City centre bar Revolucion de Cuba is facing a rise of about 222%, from £60,000 to £190,000.

The poundage rate used to calculate the bills that will land on firms’ doorsteps in the next tax year is expected to be announced in the Scottish Budget on December 15.

Currently, 49.8p is charged for every pound of rateable value.

Aberdeen FC’s Pittodrie Stadium – the football club is facing a big rise in its business rates. Image: Shutterstock

Final rateable values will be published on April 1.

Business owners, tenants and occupiers, or their agents, wanting to challenge the figures will have four months to lodge revaluation proposals with the rates assessor.

Ms Greig urged businesses of all kinds to seek expert advice and also backed widespread calls for a freeze in the poundage rate next week.

Assessor ‘might not have got it all right’

Stuart Johnston, Aberdeen-based partner of chartered surveyors DM Hall, said: “While there have been some surprise increases, there are many that are benefitting from lower rateable values – which will result in significantly lower business rates bills in April 2023.

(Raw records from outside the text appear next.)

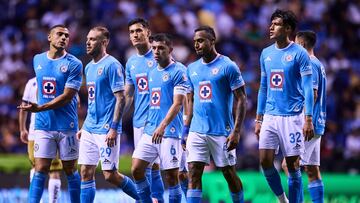 Giorgos Giakoumakis, Carlos Rotondi, Jesus Orozco, Erik Lira, Willer Ditta, Jesus Orozco of Cruz Azul during the 14th round match between Cruz Azul and Pumas UNAM as part of the Liga BBVA MX, Torneo Clausura 2025 at Cuauhtemoc Stadium, on April 05, 2025 in Puebla, Mexico.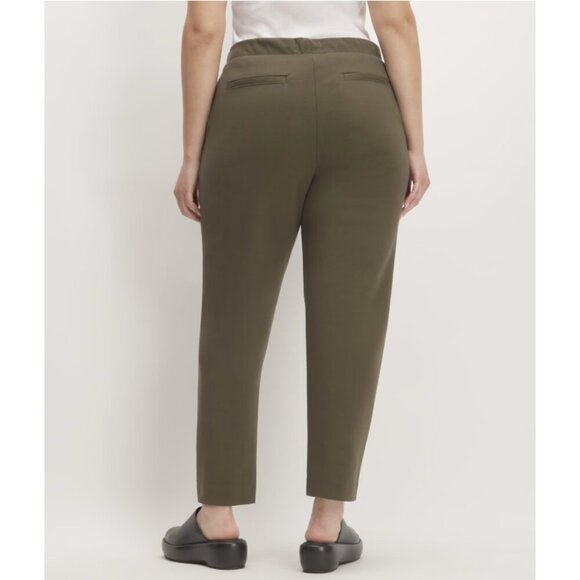 Everlane | The Dream Pant In Dark Forest Green - Picture 6 of 15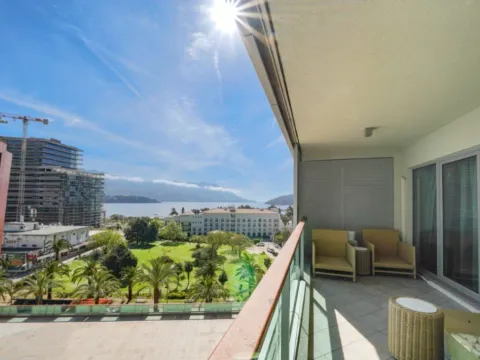 Prodaja, dvosoban stan, 94m², Budva, Crna Gora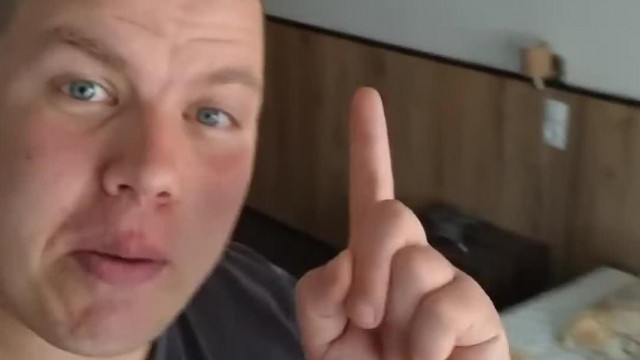 Koldulex irritáló fejjel köszöni meg az ingyen szállást a felszopójának - Koldusturné 3. nap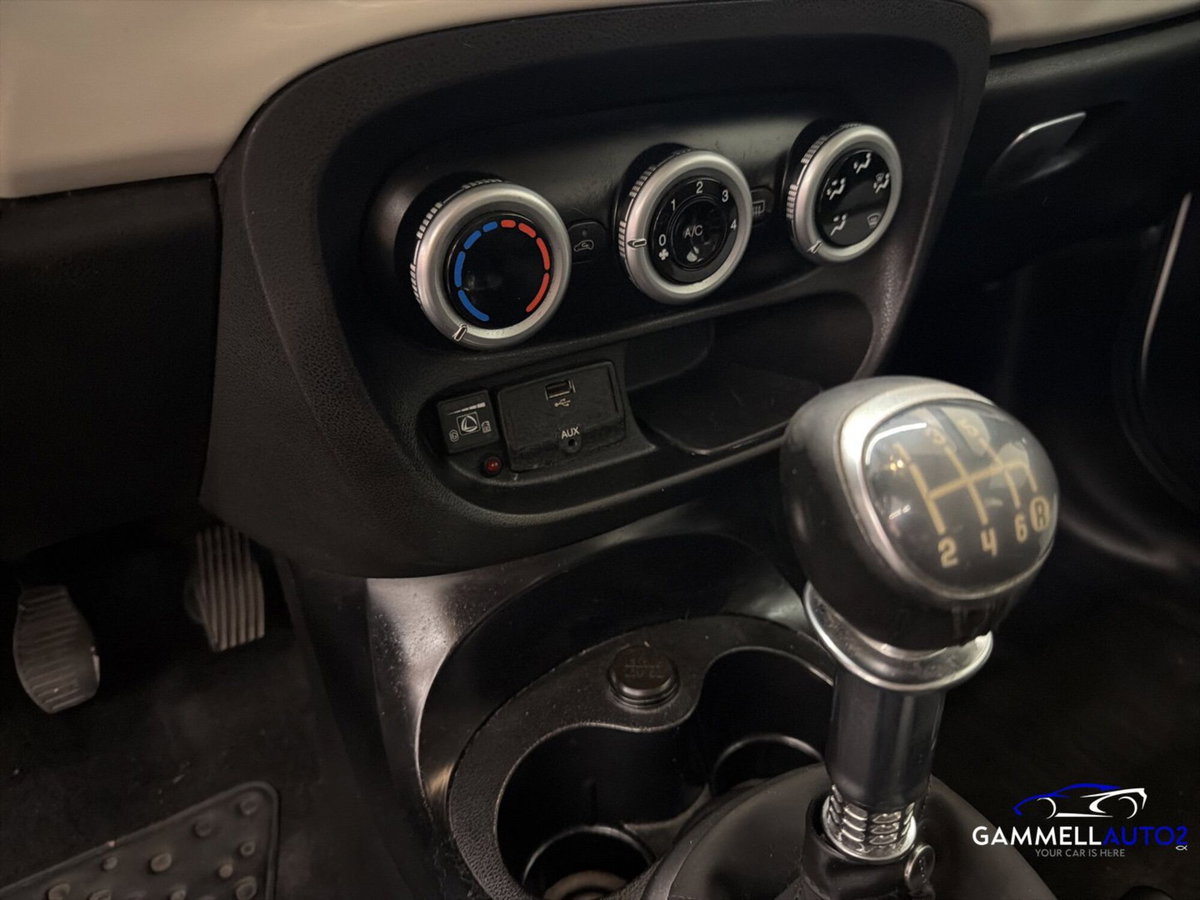Fiat 500L 1.4 95 CV Easy (15)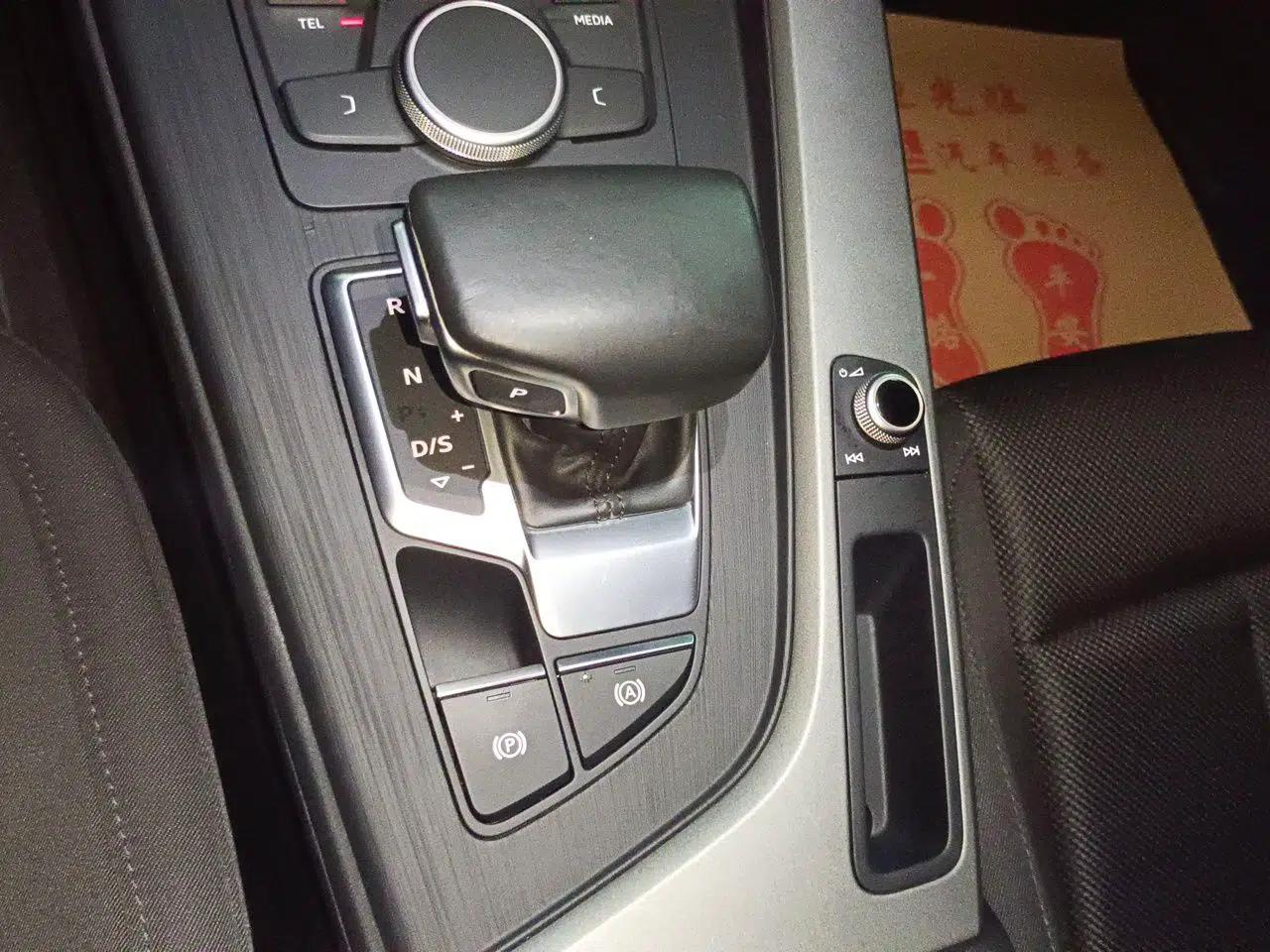 Audi A4L 2019 40 TFSI Ambition China VI — миниатюра 14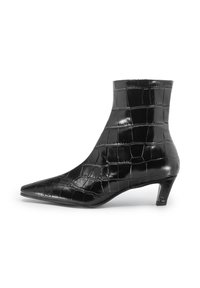 Stivale alla caviglia nero con punta appuntita, realizzato in pelle lucida con stampa rettile. Presenta un tacco sottile e corto e una superficie a trama testurizzata.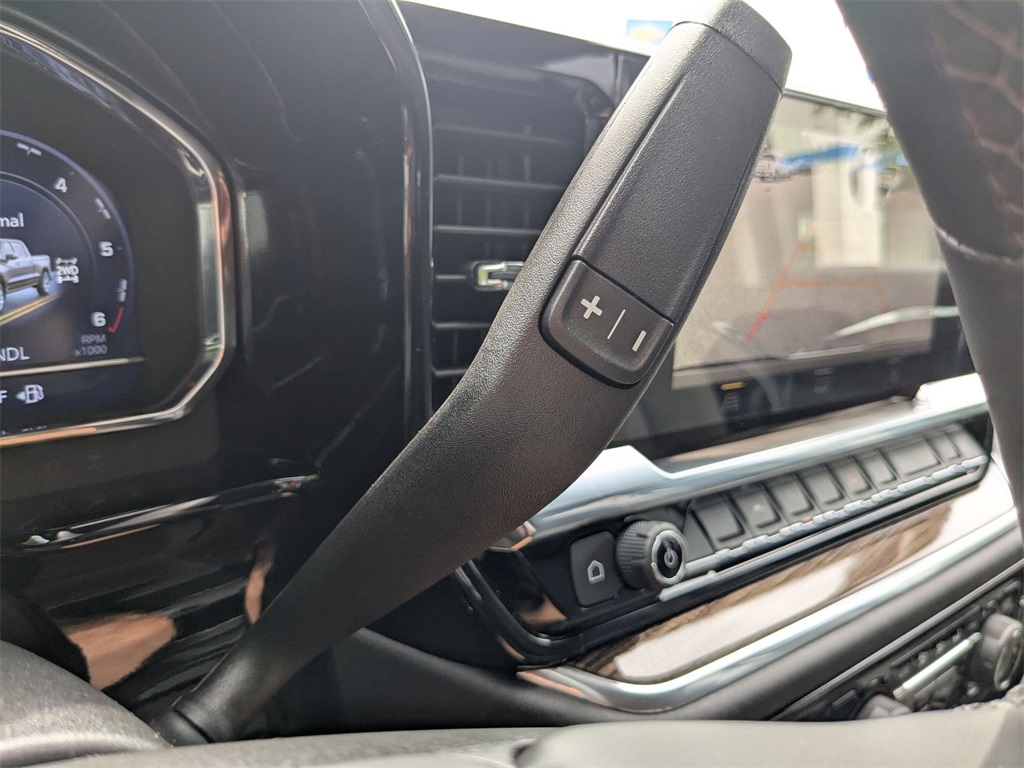 Vehicle image 25 of 29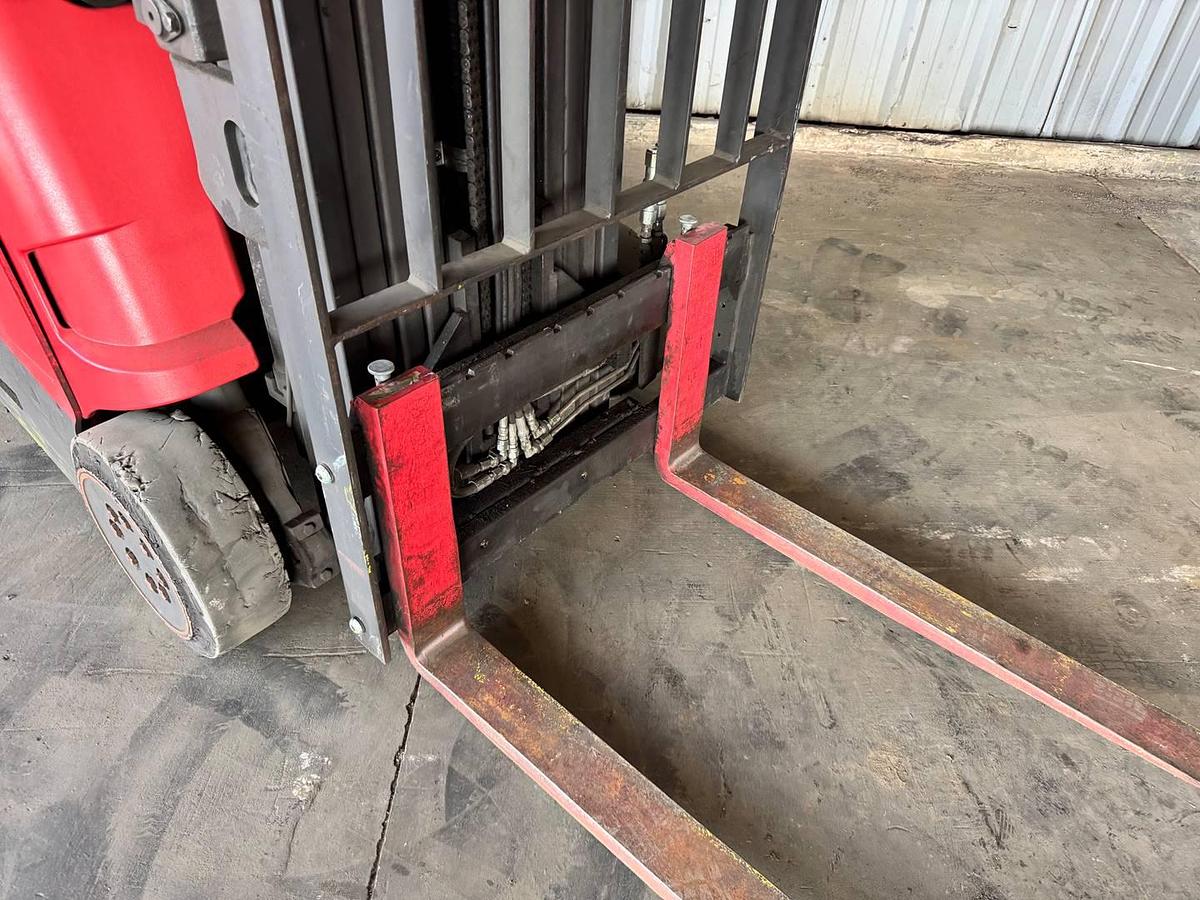 Used 2017 Raymond 425-C35QM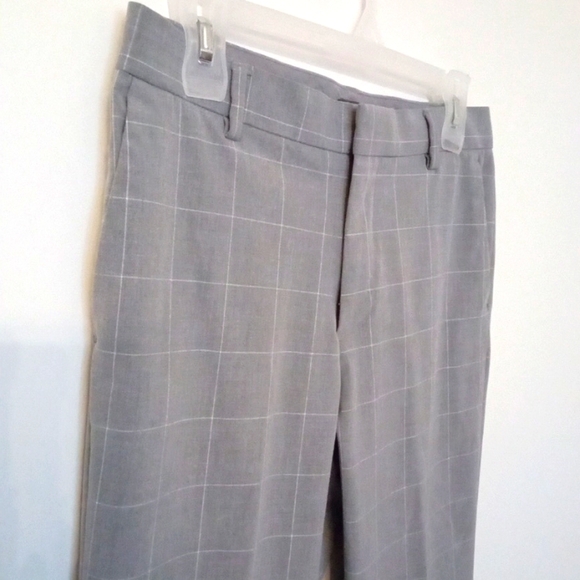 H&M Grey Windowpane Check Tapered Leg Dress Pants - Picture 2 of 8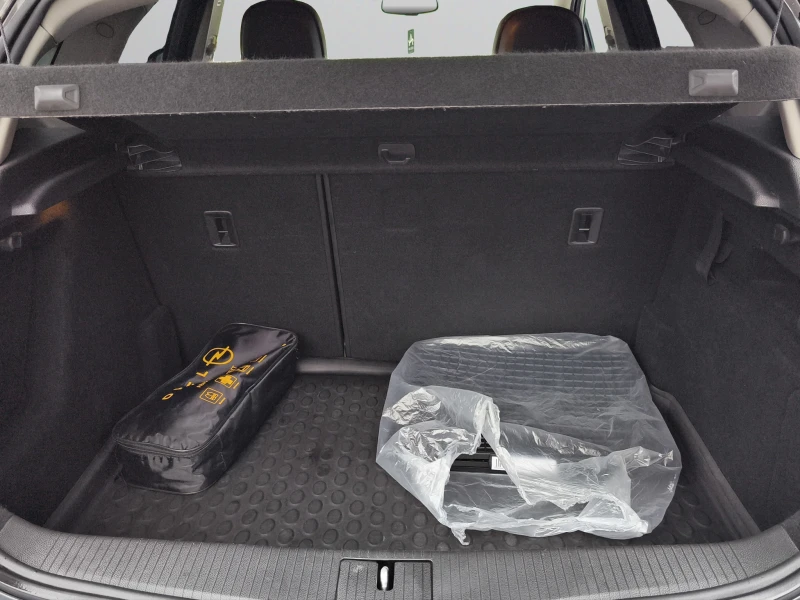 Opel Astra J 1.4 (120 Hp) Turbo Ecotec EURO 5, снимка 14 - Автомобили и джипове - 53285118
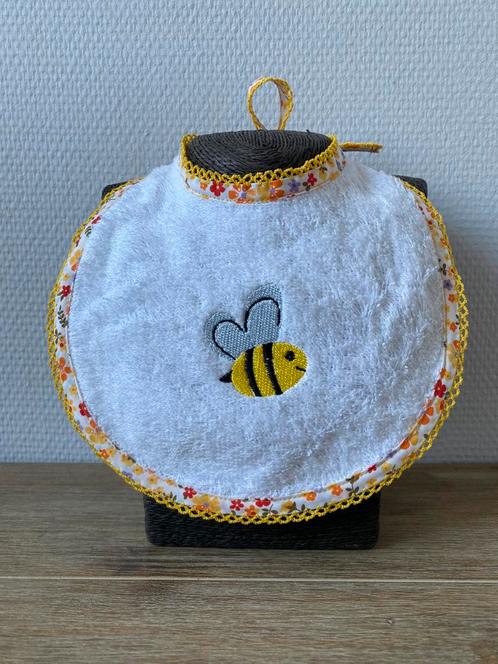 Geborduurde slab, baby, bij, geboortecadeau, Kinderen en Baby's, Babykleding | Overige, Nieuw, Jongetje of Meisje, Ophalen of Verzenden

“West end offices and properties such those occupied by M&S on Union Street can expect a significant decrease, in many cases of as much as 50%.

“The assessor might not have got it all right and there will be many in the hospitality industry in particular that will look to challenge the draft rateable values that have been issued.

“But, on balance, there will be many businesses across the city that will benefit from this long overdue revaluation.”